Year: 2013
Genre: Post-Black Metal
Record Label: Profound Lore Records, Candlelight Records
Sounds Like: Deathspell Omega, Agalloch
Reviewed by: Edoardo De Nardi
Sentence: Dust To Dust
Distruggere per ricostruire. Dilaniare senza remore tutto ciò che possa in qualsiasi modo essere definito “classico”, carpendone la sostanza ma rielaborandola in maniera imprevista ed improvvisa.
Da sempre gli Altar Of Plagues seguono in modo quasi reverenziale questa filosofia musicale, creatori maledetti di una miscela velenosa di sonorità desolate e scarnificate che sin dalle prime battute ha permesso al terzetto di crearsi una credibilità di tutto rispetto tra le nuove leve del disagio messo in musica nel nuovo millennio, dovuta indiscutibilmente alla qualità intrinseca dei lavori della band.
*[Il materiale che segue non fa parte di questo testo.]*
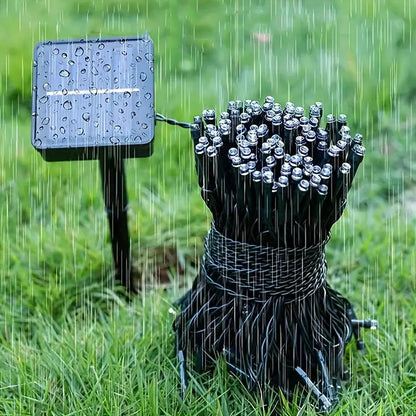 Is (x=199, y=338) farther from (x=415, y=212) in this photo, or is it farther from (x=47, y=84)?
(x=415, y=212)

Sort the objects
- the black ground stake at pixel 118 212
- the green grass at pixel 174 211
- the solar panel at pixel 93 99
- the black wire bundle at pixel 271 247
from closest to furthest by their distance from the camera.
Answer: the black wire bundle at pixel 271 247
the solar panel at pixel 93 99
the green grass at pixel 174 211
the black ground stake at pixel 118 212

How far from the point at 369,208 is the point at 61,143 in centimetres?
161

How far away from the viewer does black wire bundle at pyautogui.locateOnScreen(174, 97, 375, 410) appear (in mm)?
2152

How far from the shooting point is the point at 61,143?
7.61ft

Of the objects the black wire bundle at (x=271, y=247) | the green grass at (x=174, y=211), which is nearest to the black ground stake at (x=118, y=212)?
the green grass at (x=174, y=211)

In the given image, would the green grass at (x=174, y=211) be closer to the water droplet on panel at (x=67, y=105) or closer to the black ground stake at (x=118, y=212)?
the black ground stake at (x=118, y=212)

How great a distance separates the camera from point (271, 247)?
223 cm

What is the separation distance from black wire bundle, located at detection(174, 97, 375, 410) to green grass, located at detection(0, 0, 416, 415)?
0.37 ft

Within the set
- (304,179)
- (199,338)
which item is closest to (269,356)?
(199,338)

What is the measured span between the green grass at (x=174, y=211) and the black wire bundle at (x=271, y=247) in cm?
11

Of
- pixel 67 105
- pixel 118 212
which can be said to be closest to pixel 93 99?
pixel 67 105

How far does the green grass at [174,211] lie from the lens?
2535 millimetres

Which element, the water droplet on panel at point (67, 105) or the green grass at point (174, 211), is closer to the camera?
the water droplet on panel at point (67, 105)

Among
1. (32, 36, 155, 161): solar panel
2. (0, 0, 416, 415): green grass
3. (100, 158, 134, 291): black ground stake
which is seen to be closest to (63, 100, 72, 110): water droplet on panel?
(32, 36, 155, 161): solar panel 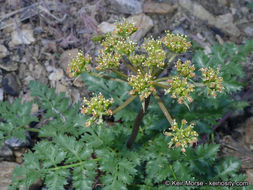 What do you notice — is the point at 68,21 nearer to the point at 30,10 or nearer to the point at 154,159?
the point at 30,10

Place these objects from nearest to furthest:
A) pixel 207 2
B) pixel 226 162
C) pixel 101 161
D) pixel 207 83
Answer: pixel 207 83
pixel 101 161
pixel 226 162
pixel 207 2

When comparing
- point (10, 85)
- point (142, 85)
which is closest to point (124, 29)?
Result: point (142, 85)

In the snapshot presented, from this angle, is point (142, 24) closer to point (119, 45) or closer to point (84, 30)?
point (84, 30)

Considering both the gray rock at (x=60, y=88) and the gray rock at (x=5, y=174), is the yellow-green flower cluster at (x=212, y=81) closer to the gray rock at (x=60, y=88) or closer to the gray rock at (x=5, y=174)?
the gray rock at (x=60, y=88)

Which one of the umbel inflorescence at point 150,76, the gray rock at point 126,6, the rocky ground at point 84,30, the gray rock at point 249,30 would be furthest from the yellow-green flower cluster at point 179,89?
the gray rock at point 249,30

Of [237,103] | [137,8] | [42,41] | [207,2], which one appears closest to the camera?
[237,103]

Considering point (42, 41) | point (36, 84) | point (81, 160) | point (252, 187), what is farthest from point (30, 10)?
point (252, 187)

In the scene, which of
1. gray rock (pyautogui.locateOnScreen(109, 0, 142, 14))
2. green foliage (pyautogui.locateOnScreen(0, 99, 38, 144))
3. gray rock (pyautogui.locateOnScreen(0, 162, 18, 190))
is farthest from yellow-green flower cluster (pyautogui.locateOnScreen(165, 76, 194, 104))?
gray rock (pyautogui.locateOnScreen(109, 0, 142, 14))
Con “White Tomb” ed il successivo “Mammal” i Nostri proponevano infatti un unione di influenze rispettivamente più atmosferiche e catartiche il primo, di chiara influenza ambient e post-rock, miste ad una solida base di black metal primigenio e ferale presenti soprattutto nel secondo platter, unite in entrambi gli episodi da uno spirito disperato e pessimistico particolarmente caro ad alcune realtà sludge e drone d’Oltreoceano. Col nuovo “Teethed Glory And Injury” invece, gli irlandesi mischiano nuovamente gli ingredienti occulti del loro incantesimo, fatto adesso di urla strozzate, accenni di follia chitarristica e pattern ritmici apparentemente errati e sconclusionati.
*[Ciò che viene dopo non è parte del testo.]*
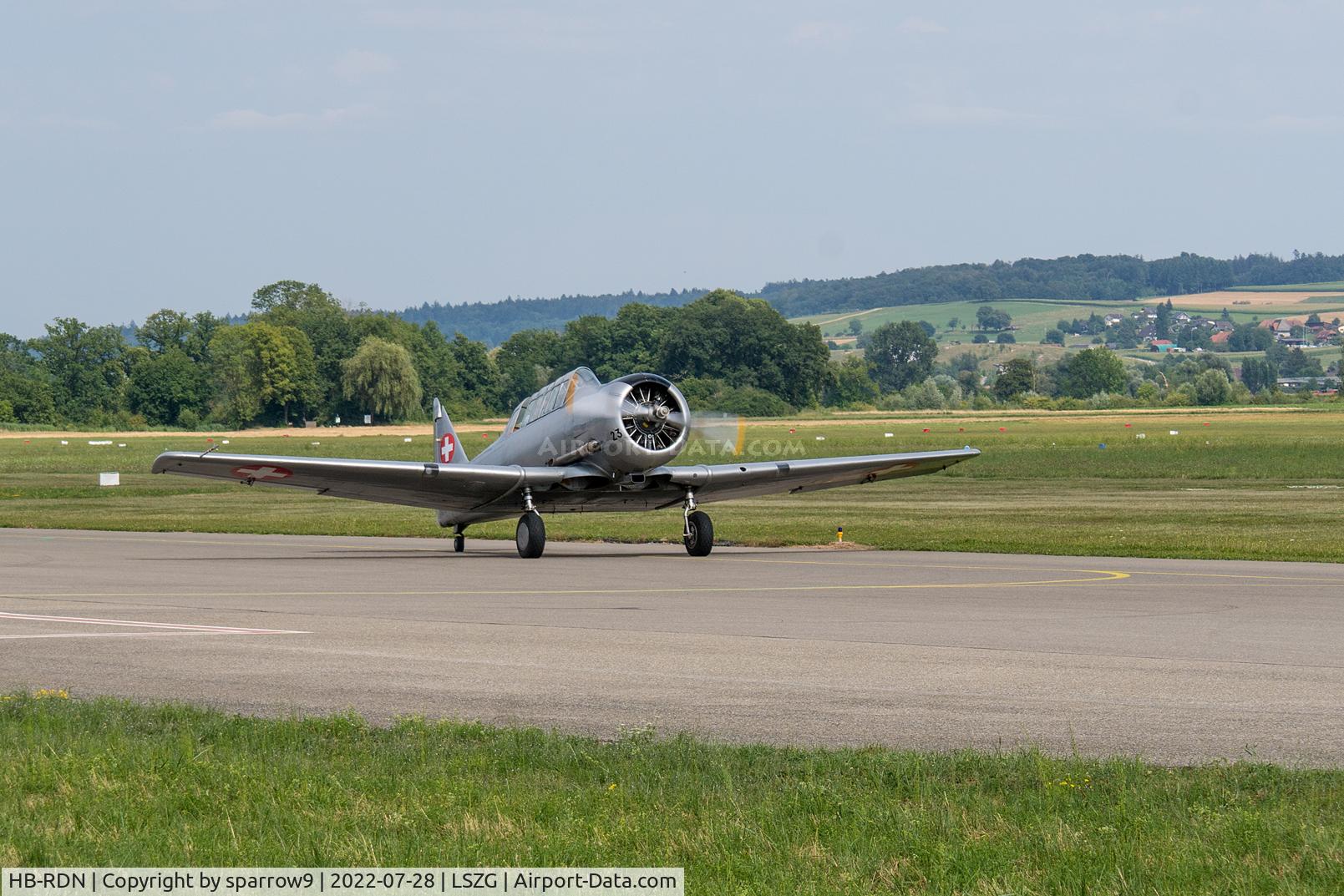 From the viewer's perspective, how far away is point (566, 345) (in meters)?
128

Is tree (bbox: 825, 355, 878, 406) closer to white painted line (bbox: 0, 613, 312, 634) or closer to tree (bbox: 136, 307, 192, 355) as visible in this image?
tree (bbox: 136, 307, 192, 355)

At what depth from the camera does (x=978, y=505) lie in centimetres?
3853

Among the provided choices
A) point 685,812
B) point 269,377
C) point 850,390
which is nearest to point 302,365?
point 269,377

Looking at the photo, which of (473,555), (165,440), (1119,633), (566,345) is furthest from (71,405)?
(1119,633)

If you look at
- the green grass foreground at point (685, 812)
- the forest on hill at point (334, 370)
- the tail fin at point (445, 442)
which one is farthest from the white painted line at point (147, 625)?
the forest on hill at point (334, 370)

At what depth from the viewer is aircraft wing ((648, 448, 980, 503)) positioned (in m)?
26.2

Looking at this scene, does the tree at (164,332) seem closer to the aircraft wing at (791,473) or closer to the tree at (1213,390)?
the tree at (1213,390)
Abbandonato tutto ciò che potesse richiamare alla memoria strutture quantomeno risentite all’interno dei generi sopracitati, sembra che la sola monomaniaca preoccupazione sia adesso quella di destabilizzare psichicamente l’ascoltatore, sottoponendolo ad uno stress schizofrenico difficile da sopportare, ma allo stesso tempo profondamente ammaliante e sensuale.
Come un virus letale, le litanìe di James Kelly si insinuano pericolosamente tra le pieghe recondite del cervello, lasciando ad ogni ascolto nuovi input pazzeschi a cui fare caso, nuovi particolari non notati in precedenza che donano ai brani nuove, inattese sfaccettature che ne modificano essenzialmente il senso. Diventa quindi difficile descrivere separatamente ogni traccia del Cd: introdotti dagli archi ben poco rassicuranti dell’iniziale “Mills”, si passa per una “God Alone” che è forse tra le più inquadrate del lotto, senza dimenticare le linee di basso esternanti odio vivo e vibrante di “A Body Shrouded”. In alcuni frangenti, le alternanze di stacchi inviperiti ad altri di rassegnata disillusione ricordano alcuni passaggi accostabili a “Paracletus” dei Deathspell Omega, ma si tratta solamente di fugaci similitudini dovute, nel caso di entrambi i gruppi, ad una sperimentazione ed una evoluzione continua e costante che ha portato a scelte comuni in fase di songwriting gli Altar Of Plagues ed il misterioso ensemble francese. Rispetto al passato, si sono fatte più evidenti alcune derive industrial che aumentano ulteriormente il phatos durante l’ascolto (“Twelve Was Ruin”), così come è palesemente più marcata l’aggressività sprigionata, dovuta innanzitutto ad un utilizzo più diffuso della voce e a metriche vocali ostinate ed impulsive. Partiti come una delle buone promesse della scena post-black europea, oggi i tre ragazzi di Cork si ritrovano a ricoprire una delle posizioni di massimo spicco all’interno di essa, realizzando un capolavoro che non mostra nemmeno un minuto di cedimento a causa dell’urgenza espressiva inarrestabile che pervade l’intera composizione, sicura pietra miliare per tutti gli amanti delle avanguardie sonore in tutte le sue forme.